Donald Stewart was the successful candidate, and owed his win largely to the personal vote he had built up as a councillor in Stornoway.
But even if the result was caused by local factors, it had huge national implications, because it prevented the SNP from reverting to being an extra-parliamentary force after what could have been nothing more than a glorious three-year blip caused by their extraordinary gain in the 1967 Hamilton by-election. Retaining a presence in the House of Commons was arguably crucial in preparing the ground for the mid-70s surge yet to come. And after that surge abated, Stewart’s local popularity was important in keeping the independence flame burning, because between 1979 and 1987 he was one of only two SNP MPs left – with the other being party leader Gordon Wilson in Dundee East.
However, if the SNP had once benefited from the islands’ disconnect from national trends, that was a factor that could also come back to haunt them. In the 1987 General Election, just when they were turning the corner elsewhere in Scotland by increasing their vote share and taking seats from the Tories, they suffered the enormous setback of losing what they assumed was their stronghold. Stewart had stepped down, and without his personal vote the SNP found themselves the victim of the largest swing in Britain. Even worse, the new Labour MP Calum MacDonald was a young man with potentially decades of service ahead of him, and once his own personal vote solidified he started to look like an immovable object.

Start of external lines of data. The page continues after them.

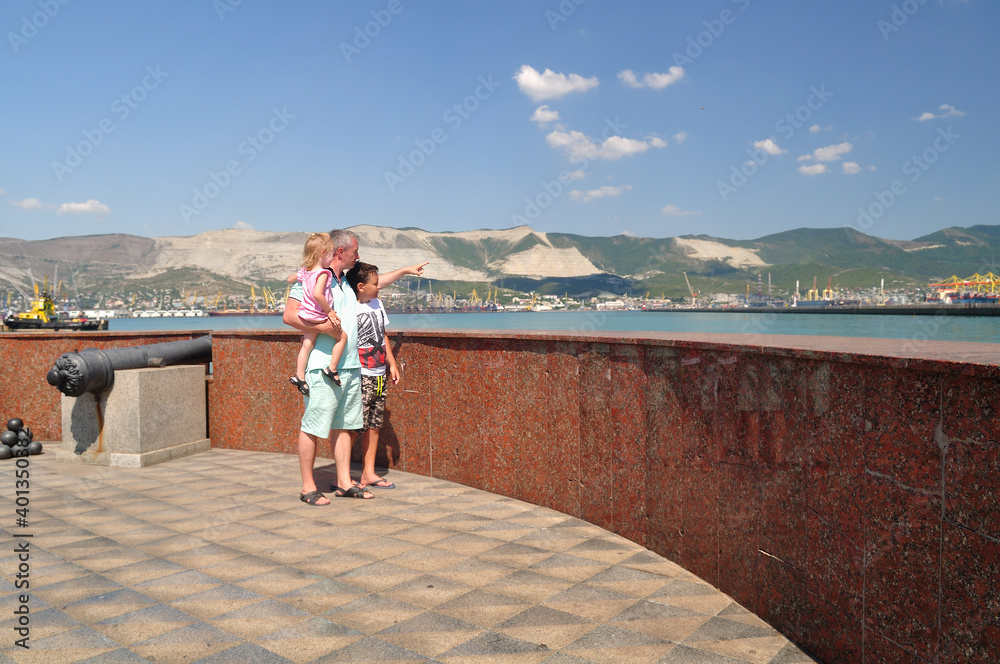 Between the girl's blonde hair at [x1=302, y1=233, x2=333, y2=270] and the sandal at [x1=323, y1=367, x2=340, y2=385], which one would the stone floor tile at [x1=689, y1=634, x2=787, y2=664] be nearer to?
the sandal at [x1=323, y1=367, x2=340, y2=385]

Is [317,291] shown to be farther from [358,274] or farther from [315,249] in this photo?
[358,274]

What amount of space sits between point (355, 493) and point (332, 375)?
3.10 ft

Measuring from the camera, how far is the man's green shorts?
16.6 feet

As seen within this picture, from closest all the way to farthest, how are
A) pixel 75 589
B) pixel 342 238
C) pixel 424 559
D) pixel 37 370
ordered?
pixel 75 589, pixel 424 559, pixel 342 238, pixel 37 370

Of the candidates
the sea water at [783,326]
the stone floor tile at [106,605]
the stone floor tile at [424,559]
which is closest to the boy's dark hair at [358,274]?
the sea water at [783,326]

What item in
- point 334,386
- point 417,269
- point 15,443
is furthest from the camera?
point 15,443

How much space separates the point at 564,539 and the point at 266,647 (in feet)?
6.40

The SNP threw everything at him in the subsequent three elections, including what looked like a credible challenge in 1997 from the renowned Gaelic singer Anne Lorne Gillies, but it was never quite enough – the closest they got was a gap of 8% in 2001. Meanwhile, the problem doubled when the Scottish Parliament was established in 1999, because the Holyrood version of the constituency was taken by another young Labour politician, Alasdair Morrison, who was already well known as a BBC news reporter.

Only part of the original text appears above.